[Source data — start]
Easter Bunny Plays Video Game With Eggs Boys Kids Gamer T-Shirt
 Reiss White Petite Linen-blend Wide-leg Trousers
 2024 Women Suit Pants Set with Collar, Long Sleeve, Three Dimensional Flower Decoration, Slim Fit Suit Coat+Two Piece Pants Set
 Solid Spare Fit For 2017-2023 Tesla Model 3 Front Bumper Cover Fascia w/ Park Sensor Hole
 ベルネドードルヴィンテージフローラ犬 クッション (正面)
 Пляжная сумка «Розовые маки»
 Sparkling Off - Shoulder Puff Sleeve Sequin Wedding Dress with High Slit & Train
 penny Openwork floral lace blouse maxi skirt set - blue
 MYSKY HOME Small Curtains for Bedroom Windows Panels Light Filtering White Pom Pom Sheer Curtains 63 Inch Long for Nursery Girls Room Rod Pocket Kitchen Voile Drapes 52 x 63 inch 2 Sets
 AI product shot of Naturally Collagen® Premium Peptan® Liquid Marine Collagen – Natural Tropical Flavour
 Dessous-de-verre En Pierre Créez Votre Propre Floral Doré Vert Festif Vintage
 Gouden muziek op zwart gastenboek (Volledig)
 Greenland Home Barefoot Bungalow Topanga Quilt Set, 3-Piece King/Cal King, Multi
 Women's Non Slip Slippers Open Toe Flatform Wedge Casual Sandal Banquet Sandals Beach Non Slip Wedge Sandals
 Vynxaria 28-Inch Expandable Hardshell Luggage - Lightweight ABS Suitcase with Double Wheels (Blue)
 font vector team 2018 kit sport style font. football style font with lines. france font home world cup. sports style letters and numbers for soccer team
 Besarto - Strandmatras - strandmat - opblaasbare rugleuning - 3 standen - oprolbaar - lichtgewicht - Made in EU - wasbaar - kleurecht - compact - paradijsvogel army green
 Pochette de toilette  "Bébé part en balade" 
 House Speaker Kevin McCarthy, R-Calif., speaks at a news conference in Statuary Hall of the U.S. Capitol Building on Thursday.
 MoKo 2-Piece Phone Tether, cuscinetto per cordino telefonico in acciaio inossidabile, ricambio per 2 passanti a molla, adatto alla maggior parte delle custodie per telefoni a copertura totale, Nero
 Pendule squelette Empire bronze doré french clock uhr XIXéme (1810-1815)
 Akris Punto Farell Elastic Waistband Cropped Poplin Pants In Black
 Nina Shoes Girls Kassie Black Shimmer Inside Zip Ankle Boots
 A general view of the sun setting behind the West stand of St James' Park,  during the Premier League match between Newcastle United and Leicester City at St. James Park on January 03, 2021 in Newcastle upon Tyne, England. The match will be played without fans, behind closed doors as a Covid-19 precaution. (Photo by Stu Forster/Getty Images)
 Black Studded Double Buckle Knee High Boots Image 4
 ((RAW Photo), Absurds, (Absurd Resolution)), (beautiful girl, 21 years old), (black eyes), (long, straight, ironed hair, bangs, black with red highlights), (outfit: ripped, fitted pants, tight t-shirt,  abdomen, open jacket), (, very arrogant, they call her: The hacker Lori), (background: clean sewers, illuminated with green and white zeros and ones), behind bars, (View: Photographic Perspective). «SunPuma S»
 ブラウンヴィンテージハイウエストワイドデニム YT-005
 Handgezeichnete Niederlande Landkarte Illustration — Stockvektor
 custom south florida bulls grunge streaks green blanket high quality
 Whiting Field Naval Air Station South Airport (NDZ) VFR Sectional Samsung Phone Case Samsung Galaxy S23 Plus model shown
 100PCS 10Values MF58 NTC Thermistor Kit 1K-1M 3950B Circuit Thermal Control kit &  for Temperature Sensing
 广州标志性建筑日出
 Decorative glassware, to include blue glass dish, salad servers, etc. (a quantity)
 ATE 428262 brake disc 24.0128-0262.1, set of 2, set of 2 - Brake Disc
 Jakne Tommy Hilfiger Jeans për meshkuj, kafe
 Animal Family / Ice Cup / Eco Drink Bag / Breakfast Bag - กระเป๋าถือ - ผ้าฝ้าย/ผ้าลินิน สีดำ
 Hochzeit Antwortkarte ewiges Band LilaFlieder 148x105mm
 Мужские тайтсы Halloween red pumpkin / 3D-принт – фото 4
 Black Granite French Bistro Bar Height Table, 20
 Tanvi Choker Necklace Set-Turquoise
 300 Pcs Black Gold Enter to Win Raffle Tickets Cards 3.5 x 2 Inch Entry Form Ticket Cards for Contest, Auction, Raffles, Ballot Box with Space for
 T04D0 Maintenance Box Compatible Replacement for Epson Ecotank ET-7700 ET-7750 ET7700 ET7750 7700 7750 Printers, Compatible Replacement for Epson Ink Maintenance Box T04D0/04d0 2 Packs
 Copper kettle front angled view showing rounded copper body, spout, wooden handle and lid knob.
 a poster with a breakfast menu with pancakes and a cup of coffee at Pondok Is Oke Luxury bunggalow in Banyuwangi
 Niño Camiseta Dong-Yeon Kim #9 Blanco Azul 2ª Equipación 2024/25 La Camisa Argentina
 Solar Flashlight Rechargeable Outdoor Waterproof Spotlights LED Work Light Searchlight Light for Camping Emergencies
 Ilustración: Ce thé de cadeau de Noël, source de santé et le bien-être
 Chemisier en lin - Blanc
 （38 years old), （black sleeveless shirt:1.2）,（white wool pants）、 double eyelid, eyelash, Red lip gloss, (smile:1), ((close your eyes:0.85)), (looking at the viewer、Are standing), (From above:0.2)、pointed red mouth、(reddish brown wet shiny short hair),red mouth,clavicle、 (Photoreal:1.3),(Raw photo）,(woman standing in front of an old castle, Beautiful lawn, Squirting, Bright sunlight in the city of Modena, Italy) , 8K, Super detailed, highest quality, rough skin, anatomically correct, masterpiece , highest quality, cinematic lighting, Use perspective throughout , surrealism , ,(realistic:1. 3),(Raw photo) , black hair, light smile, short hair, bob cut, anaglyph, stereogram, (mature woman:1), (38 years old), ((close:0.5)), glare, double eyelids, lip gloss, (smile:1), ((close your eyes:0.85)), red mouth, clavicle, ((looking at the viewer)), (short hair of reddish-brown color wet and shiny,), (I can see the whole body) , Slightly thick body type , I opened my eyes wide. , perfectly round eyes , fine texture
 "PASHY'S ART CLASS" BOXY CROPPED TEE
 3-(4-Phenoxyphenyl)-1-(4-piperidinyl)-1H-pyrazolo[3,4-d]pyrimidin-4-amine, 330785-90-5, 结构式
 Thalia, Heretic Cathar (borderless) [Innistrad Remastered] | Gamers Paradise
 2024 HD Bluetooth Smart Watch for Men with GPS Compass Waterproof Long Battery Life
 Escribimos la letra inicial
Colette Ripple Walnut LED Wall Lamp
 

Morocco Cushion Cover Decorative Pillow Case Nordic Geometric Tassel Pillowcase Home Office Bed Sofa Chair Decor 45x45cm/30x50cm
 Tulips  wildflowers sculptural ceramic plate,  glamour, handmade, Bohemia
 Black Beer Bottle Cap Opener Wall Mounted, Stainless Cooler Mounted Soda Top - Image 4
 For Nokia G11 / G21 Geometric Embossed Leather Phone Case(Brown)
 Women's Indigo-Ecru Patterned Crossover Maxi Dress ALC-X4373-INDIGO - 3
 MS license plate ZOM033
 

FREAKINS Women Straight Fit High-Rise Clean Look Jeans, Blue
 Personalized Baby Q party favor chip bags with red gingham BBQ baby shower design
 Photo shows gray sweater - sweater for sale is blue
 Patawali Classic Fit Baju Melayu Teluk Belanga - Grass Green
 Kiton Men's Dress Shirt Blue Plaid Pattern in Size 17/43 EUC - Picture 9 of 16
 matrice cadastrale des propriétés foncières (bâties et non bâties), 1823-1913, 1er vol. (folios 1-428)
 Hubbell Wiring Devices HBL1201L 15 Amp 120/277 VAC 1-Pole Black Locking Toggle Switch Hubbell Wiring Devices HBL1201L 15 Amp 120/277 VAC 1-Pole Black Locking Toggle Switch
[Source data — finish]
> Activity: Wherever the string "quality" occurs in the data, copy the line that holds it.

> Your response:
 custom south florida bulls grunge streaks green blanket high quality
 （38 years old), （black sleeveless shirt:1.2）,（white wool pants）、 double eyelid, eyelash, Red lip gloss, (smile:1), ((close your eyes:0.85)), (looking at the viewer、Are standing), (From above:0.2)、pointed red mouth、(reddish brown wet shiny short hair),red mouth,clavicle、 (Photoreal:1.3),(Raw photo）,(woman standing in front of an old castle, Beautiful lawn, Squirting, Bright sunlight in the city of Modena, Italy) , 8K, Super detailed, highest quality, rough skin, anatomically correct, masterpiece , highest quality, cinematic lighting, Use perspective throughout , surrealism , ,(realistic:1. 3),(Raw photo) , black hair, light smile, short hair, bob cut, anaglyph, stereogram, (mature woman:1), (38 years old), ((close:0.5)), glare, double eyelids, lip gloss, (smile:1), ((close your eyes:0.85)), red mouth, clavicle, ((looking at the viewer)), (short hair of reddish-brown color wet and shiny,), (I can see the whole body) , Slightly thick body type , I opened my eyes wide. , perfectly round eyes , fine texture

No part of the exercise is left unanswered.